Cas clinique: toux fébrile persistante en hiver

Dr Colas Tcherakian

Auteurs et déclarations

7 février 2017

Il s’agit ici de raisonner sur une opacité excavée, chez un patient au retour d’Équateur, fumeur, avec un mauvais état bucco-dentaire. Il nous faut donc examiner les étiologies envisageables dans ce contexte radio-clinique en sachant que l’histologie retrouve un granulome sans agent infectieux.

On peut d’emblée éliminer la légionellose, même s’il existe deux éléments qui vont dans le sens d’une légionellose : une notion d’autres pneumopathies sur le lieu de travail du patient et l’absence d’amélioration avec l’amoxcicilline/ac. clavulanique (qui est sans effet sur la légionellose), le reste de l’histoire ne correspond pas. L’aspect radiologique et la découverte d’un granulome vont clairement contre le diagnostic.

Les autres pathologies proposées peuvent se manifester par des nodules excavés et des granulomes à l’histologie.

Toutefois, la GPA aurait dû s’accompagner d’ANCA positifs (même si leur négativité n’exclue pas le diagnostic). Et les anomalies histologiques s’observent habituellement dans la masse et non dans les bronches, avec la présence de lésions de vascularite.

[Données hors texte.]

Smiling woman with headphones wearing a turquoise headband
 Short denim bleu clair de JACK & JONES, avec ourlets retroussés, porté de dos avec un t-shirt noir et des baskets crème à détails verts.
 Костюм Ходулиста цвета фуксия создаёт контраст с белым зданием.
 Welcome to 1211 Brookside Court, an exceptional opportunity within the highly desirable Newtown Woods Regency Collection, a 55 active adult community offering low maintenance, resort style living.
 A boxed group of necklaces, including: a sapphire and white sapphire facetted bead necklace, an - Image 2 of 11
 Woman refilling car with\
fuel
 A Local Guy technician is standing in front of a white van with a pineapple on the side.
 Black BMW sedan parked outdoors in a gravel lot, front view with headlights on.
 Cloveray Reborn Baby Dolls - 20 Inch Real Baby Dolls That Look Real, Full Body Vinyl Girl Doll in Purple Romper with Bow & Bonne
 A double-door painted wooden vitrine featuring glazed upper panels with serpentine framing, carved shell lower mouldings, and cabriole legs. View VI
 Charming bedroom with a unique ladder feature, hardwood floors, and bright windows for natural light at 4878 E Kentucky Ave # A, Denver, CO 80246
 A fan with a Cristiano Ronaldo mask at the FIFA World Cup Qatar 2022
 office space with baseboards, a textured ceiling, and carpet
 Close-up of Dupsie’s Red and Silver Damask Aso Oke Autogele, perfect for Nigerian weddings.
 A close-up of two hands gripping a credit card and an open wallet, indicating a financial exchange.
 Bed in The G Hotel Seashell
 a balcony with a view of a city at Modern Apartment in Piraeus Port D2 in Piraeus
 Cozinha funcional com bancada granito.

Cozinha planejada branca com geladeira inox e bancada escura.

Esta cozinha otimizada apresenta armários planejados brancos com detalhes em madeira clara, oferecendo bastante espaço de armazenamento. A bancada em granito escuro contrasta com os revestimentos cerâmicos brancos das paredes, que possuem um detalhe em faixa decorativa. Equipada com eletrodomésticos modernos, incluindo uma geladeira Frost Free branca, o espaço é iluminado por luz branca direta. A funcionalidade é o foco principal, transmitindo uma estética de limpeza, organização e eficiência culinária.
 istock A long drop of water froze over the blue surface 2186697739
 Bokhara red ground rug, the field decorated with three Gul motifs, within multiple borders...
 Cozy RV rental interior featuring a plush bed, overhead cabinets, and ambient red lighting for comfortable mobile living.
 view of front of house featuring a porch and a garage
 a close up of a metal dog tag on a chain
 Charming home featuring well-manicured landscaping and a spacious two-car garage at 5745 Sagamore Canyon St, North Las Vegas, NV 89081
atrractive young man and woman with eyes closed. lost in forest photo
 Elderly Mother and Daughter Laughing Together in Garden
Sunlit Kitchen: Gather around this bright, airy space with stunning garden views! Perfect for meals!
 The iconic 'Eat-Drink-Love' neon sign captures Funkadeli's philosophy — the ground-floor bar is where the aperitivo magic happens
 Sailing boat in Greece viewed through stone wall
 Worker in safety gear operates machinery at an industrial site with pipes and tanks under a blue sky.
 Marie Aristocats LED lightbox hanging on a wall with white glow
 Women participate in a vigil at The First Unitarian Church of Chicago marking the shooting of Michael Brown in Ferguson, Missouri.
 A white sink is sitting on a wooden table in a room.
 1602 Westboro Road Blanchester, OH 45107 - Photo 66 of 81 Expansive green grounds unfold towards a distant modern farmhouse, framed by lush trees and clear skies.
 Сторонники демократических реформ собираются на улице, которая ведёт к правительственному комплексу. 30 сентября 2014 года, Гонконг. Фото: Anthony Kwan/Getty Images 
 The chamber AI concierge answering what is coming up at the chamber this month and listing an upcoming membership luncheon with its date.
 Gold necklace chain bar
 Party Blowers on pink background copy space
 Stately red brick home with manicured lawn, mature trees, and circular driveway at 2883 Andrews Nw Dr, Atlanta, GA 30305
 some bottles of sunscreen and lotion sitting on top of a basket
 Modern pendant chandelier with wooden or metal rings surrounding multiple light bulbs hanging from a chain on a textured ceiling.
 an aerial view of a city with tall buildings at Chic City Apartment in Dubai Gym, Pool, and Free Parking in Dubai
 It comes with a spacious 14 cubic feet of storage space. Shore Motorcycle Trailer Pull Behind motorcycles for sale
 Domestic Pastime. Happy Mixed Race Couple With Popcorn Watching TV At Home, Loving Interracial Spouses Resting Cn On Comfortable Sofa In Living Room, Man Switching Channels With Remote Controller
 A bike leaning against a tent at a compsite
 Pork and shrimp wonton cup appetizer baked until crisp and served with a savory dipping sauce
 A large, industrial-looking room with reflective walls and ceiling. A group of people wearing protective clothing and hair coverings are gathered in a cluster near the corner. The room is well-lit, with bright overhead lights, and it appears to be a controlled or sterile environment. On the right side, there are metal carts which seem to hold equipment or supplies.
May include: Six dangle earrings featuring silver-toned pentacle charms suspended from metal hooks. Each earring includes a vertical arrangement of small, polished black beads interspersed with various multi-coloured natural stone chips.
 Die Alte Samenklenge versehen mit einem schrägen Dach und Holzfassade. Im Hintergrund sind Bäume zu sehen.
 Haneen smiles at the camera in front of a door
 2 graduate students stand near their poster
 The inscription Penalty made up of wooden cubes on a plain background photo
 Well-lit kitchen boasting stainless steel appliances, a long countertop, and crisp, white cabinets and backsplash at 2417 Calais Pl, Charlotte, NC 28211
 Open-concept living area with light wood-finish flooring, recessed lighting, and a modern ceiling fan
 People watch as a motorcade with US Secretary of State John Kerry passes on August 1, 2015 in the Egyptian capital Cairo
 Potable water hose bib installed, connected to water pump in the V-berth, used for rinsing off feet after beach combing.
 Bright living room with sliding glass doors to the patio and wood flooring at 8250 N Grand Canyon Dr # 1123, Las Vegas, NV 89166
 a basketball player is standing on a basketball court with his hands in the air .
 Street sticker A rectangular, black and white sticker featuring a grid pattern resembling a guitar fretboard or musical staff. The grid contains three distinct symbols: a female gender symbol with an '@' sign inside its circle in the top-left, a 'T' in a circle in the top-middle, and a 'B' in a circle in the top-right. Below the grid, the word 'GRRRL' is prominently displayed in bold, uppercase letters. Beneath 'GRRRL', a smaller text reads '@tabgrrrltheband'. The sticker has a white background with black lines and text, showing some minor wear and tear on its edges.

Si la mélioïdose peut se manifester dans sa forme pulmonaire chronique par des opacités excavées mimant la tuberculose, elle siège (comme la tuberculose) aux apex. Elle peut effectivement donner des granulomes à l’histologie, mais la bactériologie retrouve habituellement des BGN. Enfin, c’est une pathologie infectieuse que l’on contracte en séjournant dans les pays asiatiques, ce qui ne correspondait pas ici.

Le contexte historique, clinique, radiologique et histologique appelle plus particulièrement deux diagnostics :

  • Le voyage récent en Équateur avec visite de grottes associé à la présence de granulome sur la biopsie évoque une histoplasmose.

  • Les problèmes buccodentaires avec soins récents évoquent une actinomycose.

En faveur de l’actinomycose, le terrain correspond. Il existe une prédominance masculine (sex-ratio = 3/1) ; l'âge de survenue se situe entre 30 et 50 ans ; Surtout on retrouve une mauvaise hygiène bucco-dentaire ou la notion de soins dentaires récents très fréquemment. En revanche, on retrouve souvent un prélèvement purulent avec des grains jaunâtres actinomycosiques caractéristiques.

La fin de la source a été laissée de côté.